一、环境准备
1、版本选择
Hbase2.0不能跟Hadoop3.0官方不推荐目前,还是NT状态,2.8.3是S支持状态。
2、机器配置
配置固定ip(根据主机设置)
/etc/network/interfaces.d
#auto eth0
#iface eth0 inet dhcp
auto eth0
iface eth0 inet static
address 192.168.1.141
gateway 192.168.1.1
netmask 255.255.255.0
配置dns
/etc/resolvconf/resolv.conf.d
nameserver 119.29.29.29
nameserver 182.254.116.116
配置Host
/etc/hosts
#主机信息
192.168.1.141 hadoop01
#添加节点的信息
192.168.1.142 hadoop02
192.168.1.143 hadoop03
配置Hostname
/etc/hostname(根据主机设置)
hadoop01
修改最大线程数(略)
设置时区
sudo tzselect
sudo cp /usr/share/zoneinfo/Asia/Shanghai /etc/localtime
3、jdk和ntp(各主机都需要)
jdk1.8
sudo add-apt-repository ppa:webupd8team/java
sudo apt-get update
sudo apt-get install oracle-java8-installer
root@hadoop01:~# java -version
java version "1.8.0_171"
Java(TM) SE Runtime Environment (build 1.8.0_171-b11)
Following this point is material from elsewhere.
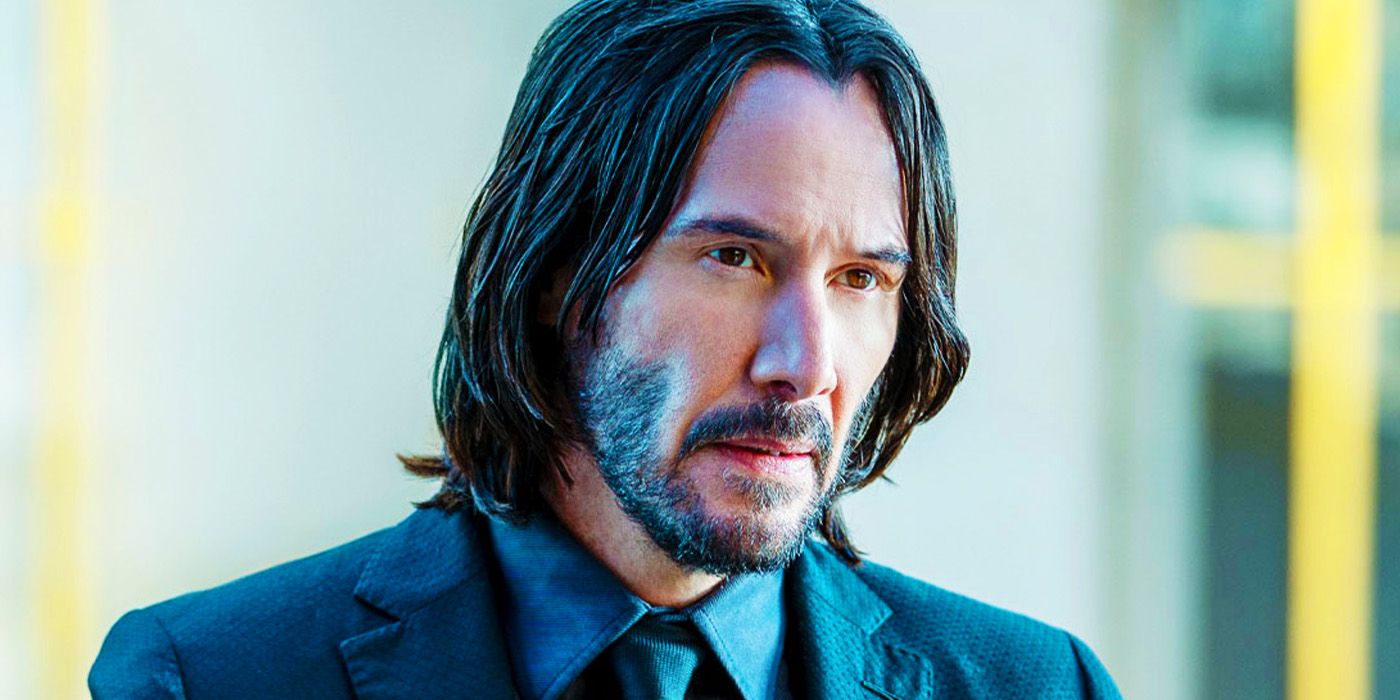 A close-up of John Wick (Keanu Reeves) wearing a suit and  looking pensive in John Wick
Java HotSpot(TM) 64-Bit Server VM (build 25.171-b11, mixed mode)
写入path到/etc/profile
export JAVA_HOME=/usr/lib/jvm/java-8-oracle
export JRE_HOME=$JAVA_HOME/jre
export CLASSPATH=.:${JAVA_HOME}/lib:${JRE_HOME}/lib
export PATH=${JAVA_HOMR}/bin:$PATH
即使生效
source /etc/profile
ntp
sudo apt-get install ntp
service ntp start
二、配置各主机ssh免登陆
1、生成密钥(主机全部执行一遍)
ssh-keygen -t rsa
root@hadoop01:~# ssh-keygen -t rsa
Generating public/private rsa key pair.
Enter file in which to save the key (/root/.ssh/id_rsa):
Created directory '/root/.ssh'.
Enter passphrase (empty for no passphrase):
Enter same passphrase again:
Your identification has been saved in /root/.ssh/id_rsa.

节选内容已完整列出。